Bristol City Council’s Corporate Strategy identifies ‘resilience’ as one of its building blocks. Jim Gillman, City Operational Planning and Response Manager, Bristol City Council, said: “As we move from a pandemic to cost of living crisis and we increasingly understand emergencies as wider than ‘no notice, immediate impact events’… [Andrews’ and Duggan’s] research offers valuable new ‘access routes’ into communities to talk about risk and resilience. Routes that leave behind the ‘dry’, top down, traditional emergency planning approach and allow a more democratic conversation, driven by the communities and articulated through cultural, performative and artistic networks, organisations and the content of their outputs. Far more effective than a ‘Community Resilience Plan’!”
Helen Hinds, Business Resilience and Emergency Planning Lead, Northumberland County Council, said: “Andrews’ and Duggan’s findings reveal that performance methodologies provide what I think of as the interconnective tissue between what, on the surface, seem like disparate skills and activities. Performance can enable difficult conversations and engender a new approach to how we work. It reinforces the need for diverse voices and provides new methods to try something different, to challenge and to not be afraid to be creative.”

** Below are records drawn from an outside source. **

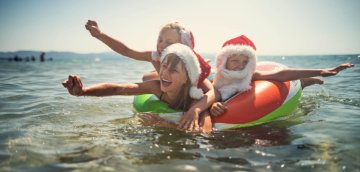 Image of children floating at the beach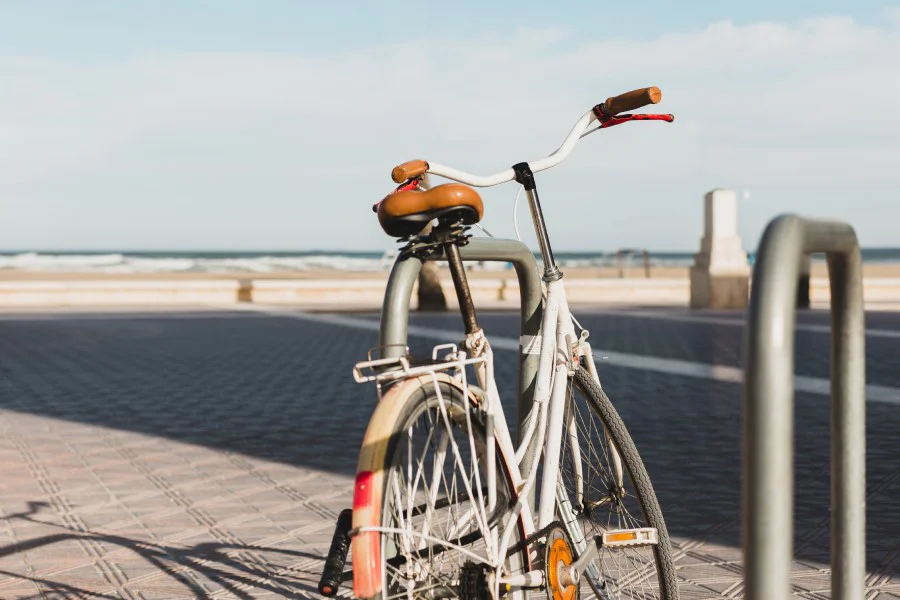A white vintage bicycle parked at a beach boardwalk rack overlooking the ocean on a sunny day.
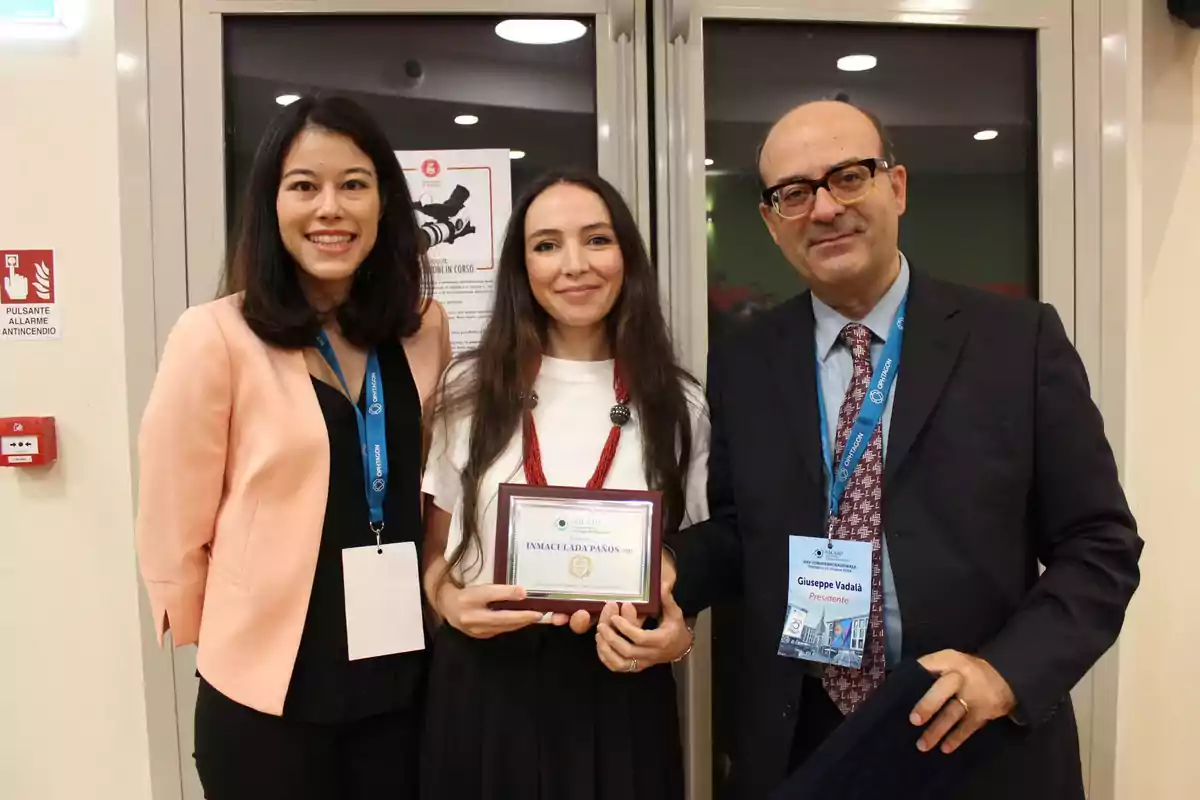 Tres personas posan para una foto en un evento, una de ellas sostiene un reconocimiento enmarcado.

In Newham, the research has directly influenced the development of public policy that will have a substantial, material, and long-term impact on the cultural environment of the London Borough and on the wellbeing of its population of over 350,000 people. It has also had an impact on the way the Council understands the importance of and develops future policy for culture, creativity, and the arts in Newham.

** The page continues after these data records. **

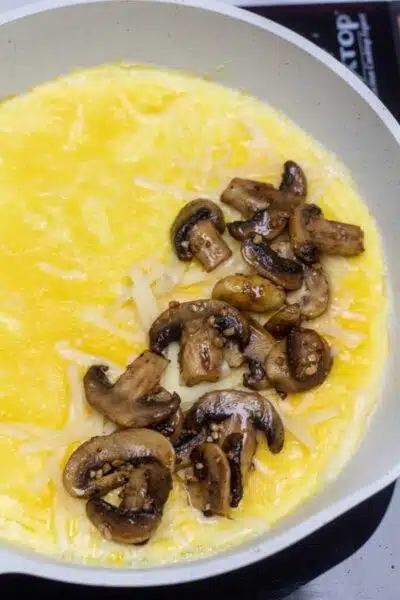 Process photo 8 showing mostly cooked egg with mushrooms on one side of omelet.
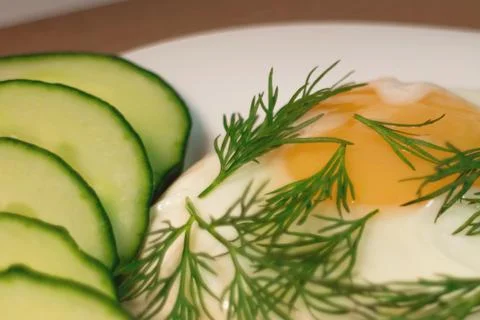 Fried egg serving slices of cucumber Stock Photos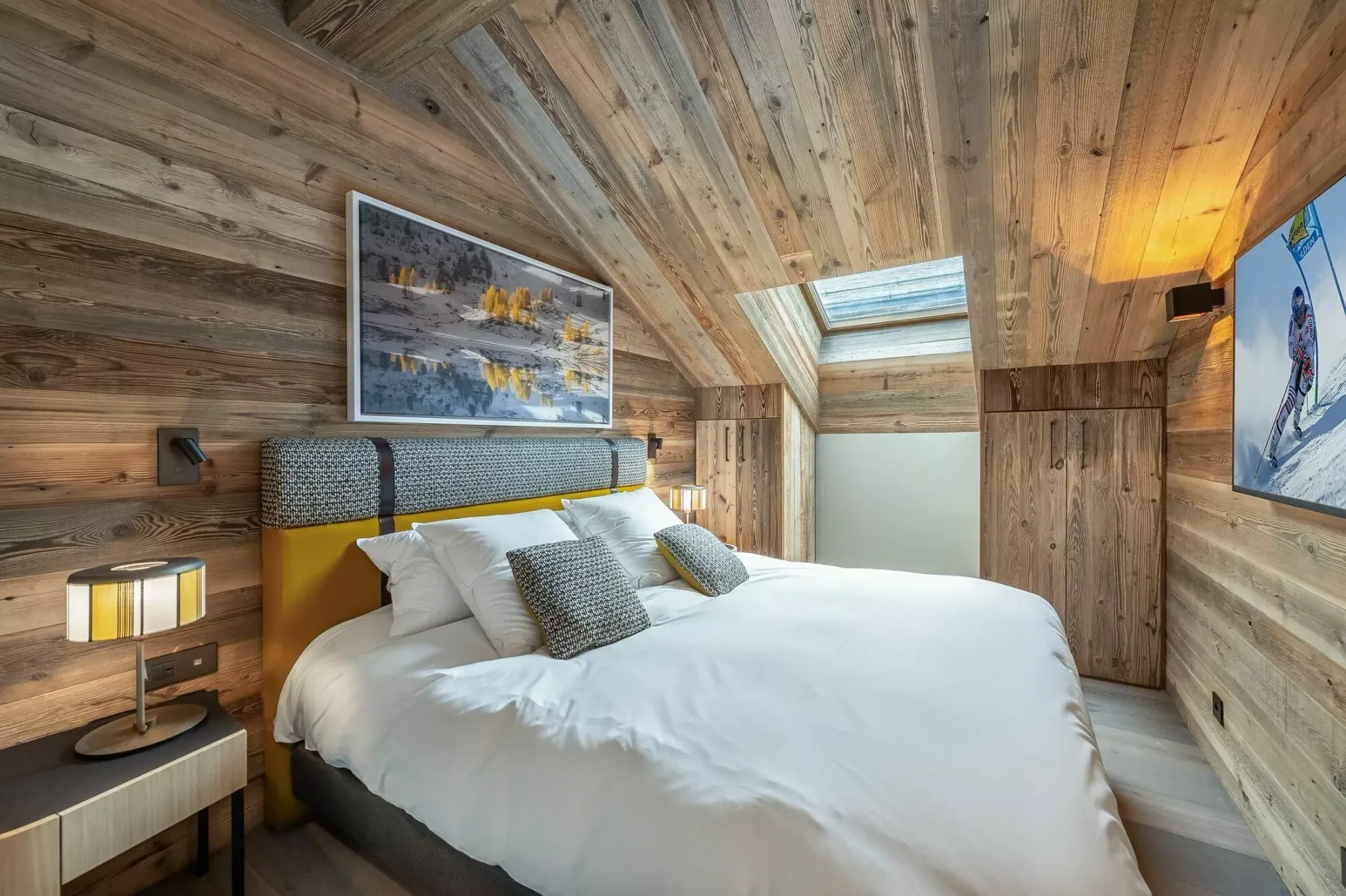 A bedroom with a large bed beneath a sloped wood-paneled ceiling.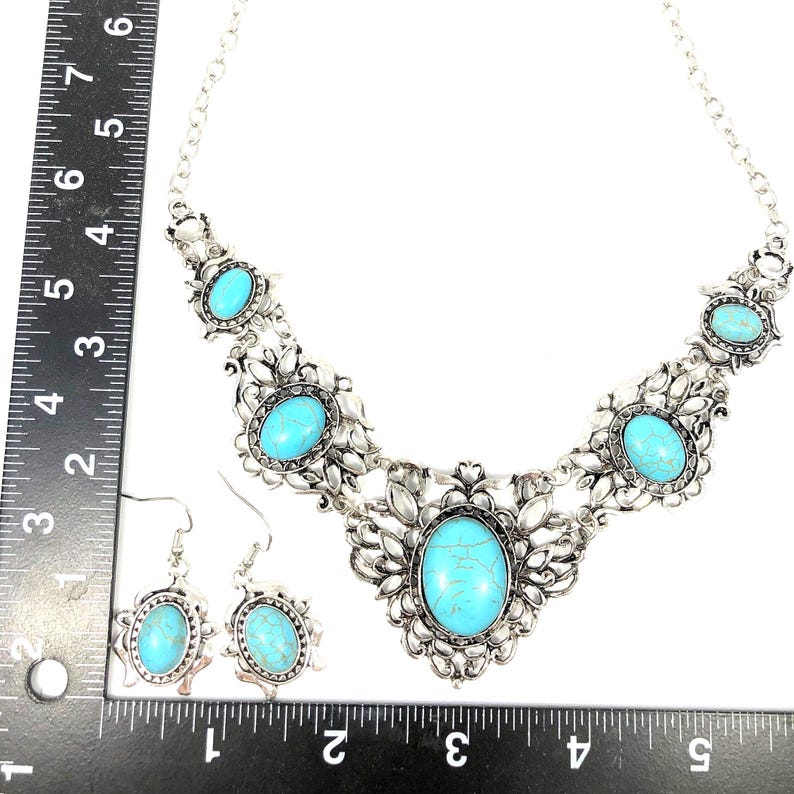 showing approximate measurement of filigree turquoise necklace and earring set, antique silver color, for women.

Dr Duggan and Dr Andrews have also been invited to be involved in the development of North Tyneside Council’s new cultural strategy.
Head of Culture, Steve Bishop, said that their work had triggered new conversations within the Authority about the positioning of culture as a service area and also how it should be embedded in the Council’s approach to priorities around the climate change, equalities, community engagement and place agendas.
Professor Andy Long, Vice-Chancellor and Chief Executive at Northumbria University, said: “Northumbria is developing a strong reputation for driving research which delivers real impact. It’s great to see this interdisciplinary project make such an impact on the future of emergency planning. Andrews’ and Duggan’s research highlights the need for new approaches to emergency planning and resilience work, especially given the breadth of unprecedented events that hazard mitigation, sustainability and resilience professionals have had to deal with in recent years. It’s also fantastic to see arts research at the forefront of innovations in these essential and complex fields.”
Professor Andrew Jones, Brunel University London’s Vice-Chancellor and President, said: “This project shines a spotlight on the impact of the arts in our society, and on the value of arts research as part of an interdisciplinary approach to tackling the challenges we face.”
The impact of Dr Duggan and Dr Andrews’ research in this area has also been seen internationally. In February 2022, Austin Feldbaum, Hazard Mitigation Administrator at City of New Orleans, said that Dr Duggan and Dr Andrews’ earlier research helped the city of New Orleans to understand the importance of leveraging the city’s ‘cultural vernacular’ as a means of pandemic response. Their research encouraged the city to recognise the need to ‘lift up the work’ of cultural practitioners in New Orleans as a means of communicating Covid-19 public health messages ‘with citizens in terms they could understand’.